Oliver Sacks, Neurologist And Author, Dies At 82

"I have loved and been loved; I have been given much and I have given something in return."
Nancy R. Schiff via Getty Images

Famed British neurologist and author Oliver Sacks died on Sunday at the age of 82, his assistant told The New York Times.

The cause of death was cancer.

In February, Sacks wrote an op-ed revealing that he was in the late stages of terminal cancer, after earlier melanoma in his eye spread to his liver.

"It is up to me now to choose how to live out the months that remain to me," he wrote. "I cannot pretend I am without fear. But my predominant feeling is one of gratitude. I have loved and been loved; I have been given much and I have given something in return; I have read and traveled and thought and written.

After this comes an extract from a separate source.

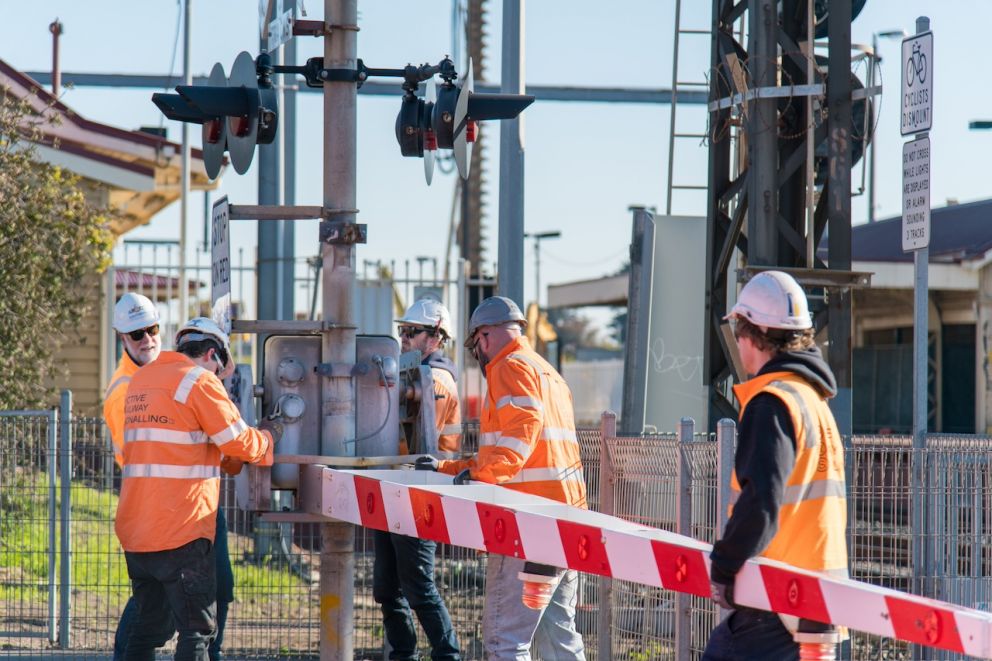 Removing the Bear Street boom gates at Mordialloc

I have had an intercourse with the world, the special intercourse of writers and readers."

Sacks was a bestselling author who wrote a number of books, including Musicophilia, Awakenings and The Man Who Mistook His Wife for a Hat.

Born in London in 1933, Sacks grew up surrounded by a family of doctors. His mother was a surgeon and his father was a general practitioner.

He moved to New York in 1965 and became a consulting neurologist for Beth Abraham Hospital in the Bronx. There, he successfully treated a group of patients who were stuck in "strange, frozen states, like human statues," who later became the subjects of Awakenings.

"Awakenings came from the most intense medical and human involvement I have even know, as I encountered, lived with, these patients in a Bronx hospital, some of whom had been transfixed, motionless, in a sort of trance, for decades," he said.

The book inspired a movie of the same name starring Robert De Niro and Robin Williams, which was nominated for three Oscars.

His last book, a memoir, was published in April. On The Move details Sack's childhood, his move to the United States, his sexuality, his professional achievements and his challenges.

"In this book he studies himself as he has studied others: compassionately, unblinkingly, intelligently, acceptingly and honestly," wrote Colin McGinn at The Wall Street Journal. "There will not be another like him."